One time we were out visiting my cousins (the Colemans), and we were having a BBQ. (I guess it wasn't Thanksgiving, but it was a helluva funny day) I brought along some cigarette loads and us kids decided to spark up the BBQ with them. If I remember right, John was the only one with sense and wanted no part of it, but me and Mary were adventurous, if not stupid. We got hold of my mom's cigarettes and loaded her up good. Then, Mary put some in her dad's cigarettes. Now, Uncle Ed scared the bejesus out of me when he was mad. I guess because he could be loud and I had seen him whip Jimmy and John's asses - even mine one time (good Lord did that hurt!). Well soon, my mom lit one up. Me and Mary were hiding behind a truck peeking around the tire when she took a big drag in the middle of a story. BOOM! The end of the cigarette exploded out just like the old cartoons! The look on Mom's face was like "WTF!!!" We MIGHT have gotten away with it if we weren't rolling on the ground hysterical with laughter. Up to that point, it was the funniest thing I had ever seen in my life. Remember kids, the whipping is WELL worth it if you can secure some loads. About that time we heard a bang from inside the house. My eyebrows shot up as soon as I heard the bellows of a bear, "GOD D*** KIDS!!". It was Uncle Ed. I had no intention what-so-ever of taking the blame for that one as I had told Mary it wasn't a good idea to hit his cigarettes. I remember i didn't get a whipping for Uncle Ed's, but Mary might have as I turned on her like a pancake and pointed fingers like a big dog out of fear. Me and John even put one in Grampa Dave's cigar one day. We sat and watched in fascination as he puffed and puffed. We were about to consider it a dud when, BOOM! Grampa Dave didn't even move. I wasn't sure he even noticed it until he gave us a look like "You little bastards think you can fool an old man like me?" And he kept on smoking it as if nothing happened.

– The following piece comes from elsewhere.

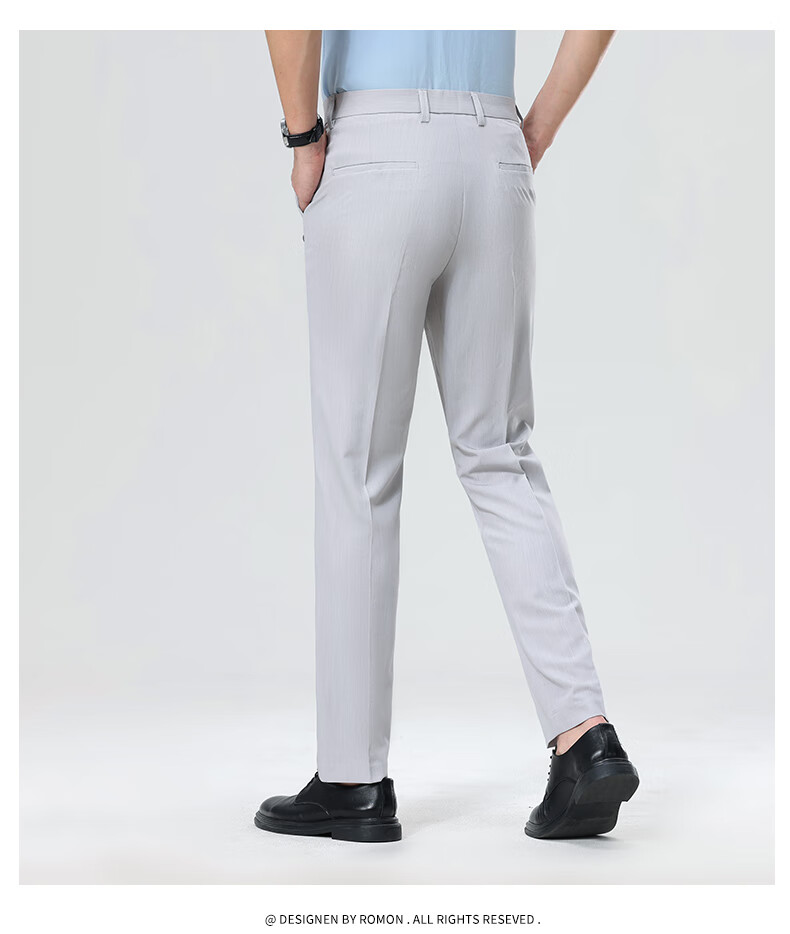 ROMON [Easy-Care] Men's Wrinkle-Resistant Non-Iron Business Suit Pants, Casual Trousers, Dad's Elastic Straight-Leg Pants 14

Now, if you ask my mom about what happened that day, she will go off on some tangent about how tobacco exploded into her eye and that the cherry from the cigarette fell off and burned her shirt, but I am sure that is all hogwash. And even if it isn't, they DO put labels on the package about cigarettes being bad for you....
And here's a thought - Those of you that decide to mess around with married women, I strongly think that you shouldn't. (Unless you are married to them, then go for it!) But, here is a little tail of three fellows that didn't follow my advice:
There was a long line of people waiting at the gate to get into Heaven. There wasn't enough room in Heaven for everyone, so only those that died the worst deaths would be allowed in. The first guy stood up and said, "Saint Peter, I knew my wife was cheating on me so I decided to come home early from work one day to catch them in action. I got home and searched all over but I couldn't find him. Then when I walked out onto the balcony, there he was dangling off the darn thing by his fingertips. So I ran and got a hammer then started beating him with it and he fell. Well, the fall didn't kill him, because he landed in a bush so I picked up the refrigerator and threw it on him. Although that killed him, the strain gave me a heart attack, and here I am."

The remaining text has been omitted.